But I keep fighting this urge, because I know it would be a big mistake. When children are small and learning to read, the goal should be to ignite a love affair with books. Really set it ablaze. If laughing about underpants and bodily emissions makes your kids want to read, then load up on those farting books. It doesn’t matter if the fairy books make us cringe; it’s not about us or our taste. It’s about what will make a kid want to sit down with a book and do something that is hard – sound out symbols, decode, make sense of new vocabulary words. And to do this when playing Minecraft or turning on the television would be so much easier.
I have heard many parents complain that their babies and toddlers simply aren’t interested in books. Their little ones won’t sit still to listen. This is when to teach kids that books are toys. Give babies the books with the wheels on them that can be driven around like Matchbox cars, the ones with the animals that can be pulled out and put back in, the ones with buttons to press and music that plays. Give them books without much text, but with large, vivid photographs and mirrors and pop-ups inside. Maybe read them a word or two here or there, but no need to overdo it.
One of my favorite books to read to the preschoolers in my library class is Book! by Kristine O’Connell George, because the kids go wild for this simple tale. In it, a boy receives a book as a present. But that book hardly gets read at all. Instead, it is worn like a hat (which the kids find simply hilarious especially if you invite them to wear a hat-book too), taken for a ride in a wagon and snuggled like a stuffed animal.
The trick is to help your older child continue to view books as toys, as entertainment, for as long as you can. This is where the naughty books come in. The picture books and Where’s Waldo for big kids. The super hero comics – with a big helping of action figures on the side. The funny books. Even Shakespeare knew that a shot of bawdiness and scatological humor goes a long way to keeping audiences entertained.

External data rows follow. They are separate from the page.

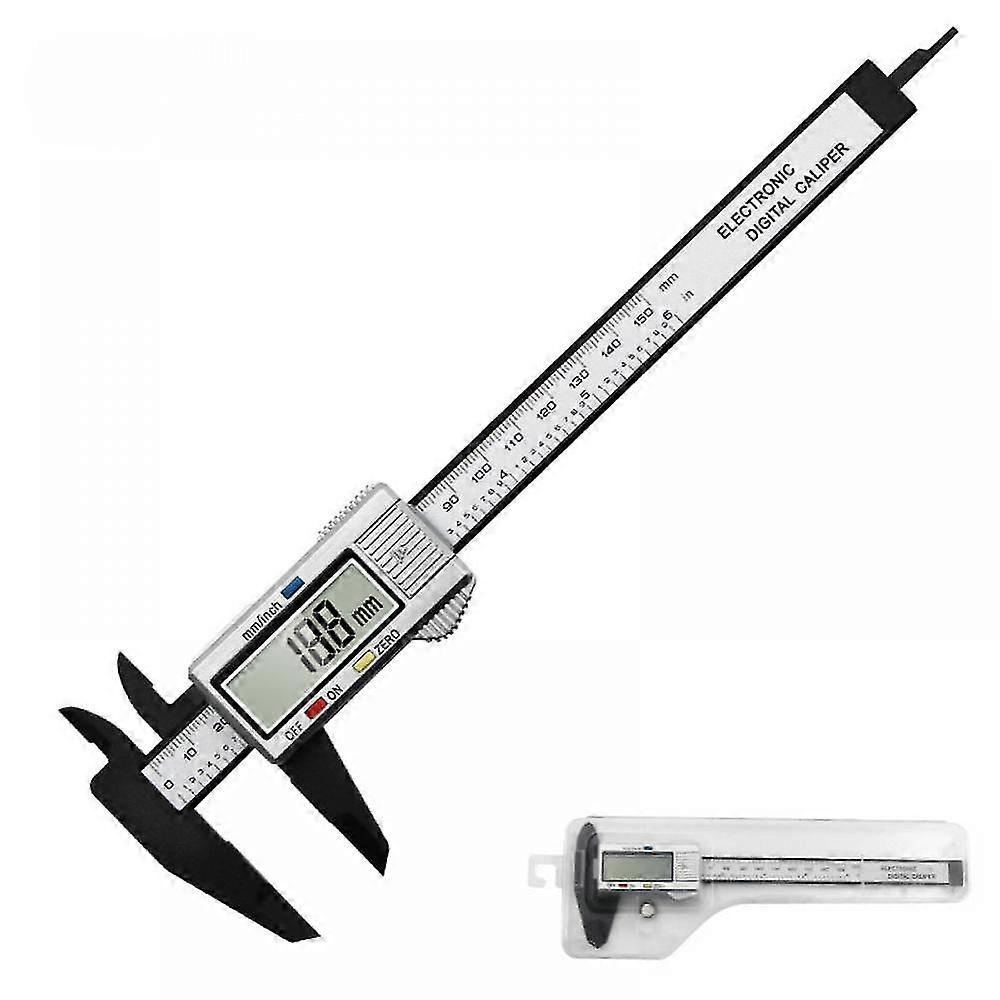 Pied Coulisse Numrique Lectronique, Cran Lcd, Rgle, En Fibre De Carbone Et Plastique, Outil De Mesure,0-150mm Tte Noire Et Corps Blanc - Boite Transp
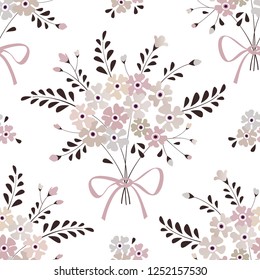 Seamless floral background with bouquets of small flowers and leaves. Vector pattern for wallpaper, fabric, digital paper, fills, etc.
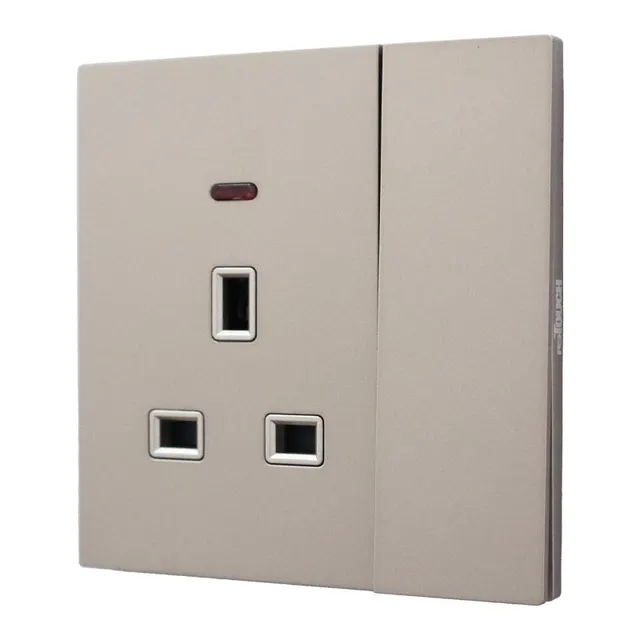 Retouch Thins+ 13A Flat Pin Big Rocket Switch Socket C/W Neon Ecru Colour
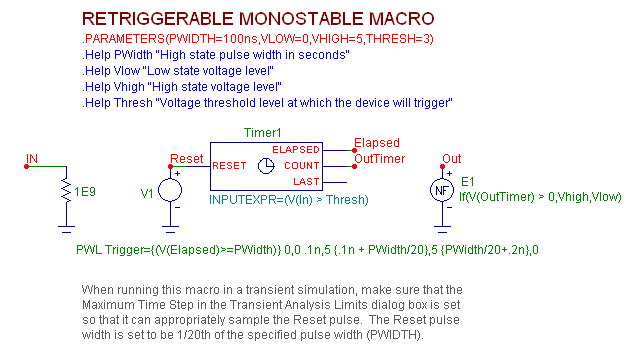 Retriggerable monostable multivibrator macro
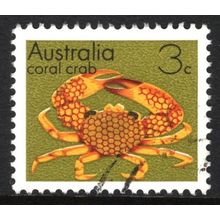 AUSTRALIA 1973: MARINE LIFE DEFINITIVES - 3c CORAL CRAB USED (G4)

The call of the naughty is strong; you can harness its appeal to lead a hesitant reader to drink the reading Kool-Aid. When my son didn’t want to practice reading, when it seemed like pure struggle to him, I left a few Captain Underpants and Diary of a Wimpy Kids in his room. He quickly came around asking me to read them aloud. I told him I’d heard they were naughty books and that I didn’t care for bathroom humor. He’d have to read them to himself if he were interested. It took a matter of moments for him to open the lid and start laboring over them. He was a full-fledged, fluid reader within a matter of weeks. I have suggested this technique to parents of reticent readers, and it works like a charm.
“Inappropriate” books also can engage kids who already know how to read, but don’t. I vividly remember the gaggle of fifth- and sixth-graders huddled around I Know What You Did Last Summer and Judy Blume’s Forever in the back of my school library. These “naughty” books that our parents wouldn’t let us break into brought even the least interested readers into the library checkout line. Maybe they discovered something a little too mature for them in these books, and yet there is something to be said for getting kids in the challenged reading group into the library in the first place. Obviously, there are limits to this theory; let’s not put out the terrorist handbooks and the pornography.
But Battle Bunny. Try that on your ten-year-old son. This picture book by Jon Scieszka and Mac Barnett is perhaps one of the most ingenious children’s books I’ve ever seen. It masquerades as a toddler’s Golden Book – a sweet tale about a bunny celebrating his birthday. But don’t give it to your two-year-old! Because the conceit of the story is that a fictional, mischievous child has taken a pen to it and slashed out the saccharin, typewritten text. He has replaced “Birthday Bunny” with “Battle Bunny.” When a crow happily tells Bunny it is his “special day,” Bunny’s reply is changed from, “That is true,” to “That is false! … Because today I am going to whomp on you, birdbrain, and pluck you like a sick chicken!” Battle Bunny is the only book my son has ever pulled out like a toy during a play date. He read it to his friend, and the two boys giggled their way through the whole thing.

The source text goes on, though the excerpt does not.